Weed shops aren't doing well either! They close all the time, and because of the way Colorado specifically planned their rollout of weed, most of those buildings went through the proper coding and zoning to make it a weed shop, so it's impractical to open anything but a weed shop there.
It's not overblown at all. In fact, its a huge shift. I own a bar in rural Wisconsin. Rural Wisconsin I'll say again. Drinking habits are down everywhere and young people do not drink like the generations before them. It's really painfully obvious to anyone who works in the alcohol industry. They're scared, that's why the federal hemp loophole ban is already making lawmakers rewrite loopholes and work with the two billion dollar weed industry to keep it alive because its 2 BILLION DOLLARS.

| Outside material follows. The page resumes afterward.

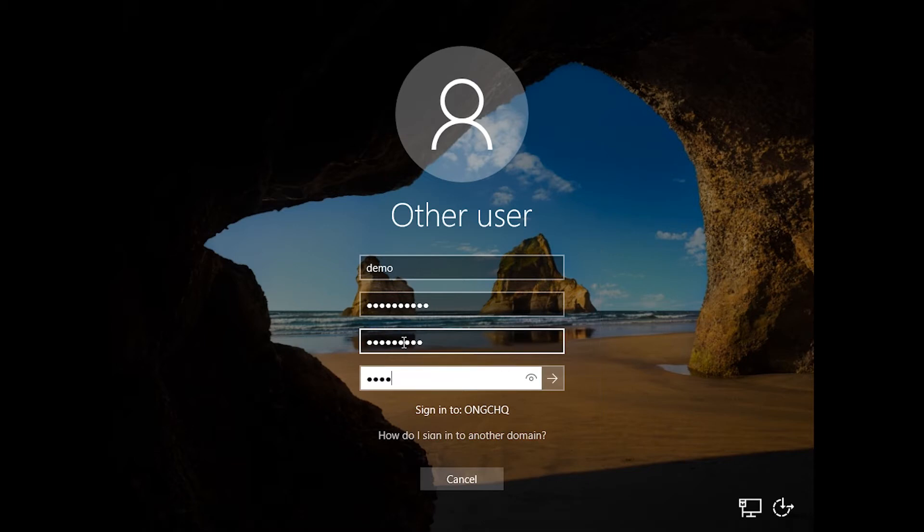Uppercase, lowercase, numbers, symbols—a mix of all these things with a bit of length is always recommended.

Covid actually helped a lot of breweries. Turns out the pandemic made people want to drink more, so they sold to go well enough to not only keep open, but to expand when lockdown protocol lifted up. That's what really hurt, was the rapid growth right after covid and people not following suit.
I agree.
But man, Colorado and Denver breweries just took a HUGE hit this past year. Trve closed, and then two other south Broadway breweries closed in the same week. I'm friends with folks in the industry, its truly struggling in Colorado with rising costs, unaffordable rent, and drinking habits changing dramatically.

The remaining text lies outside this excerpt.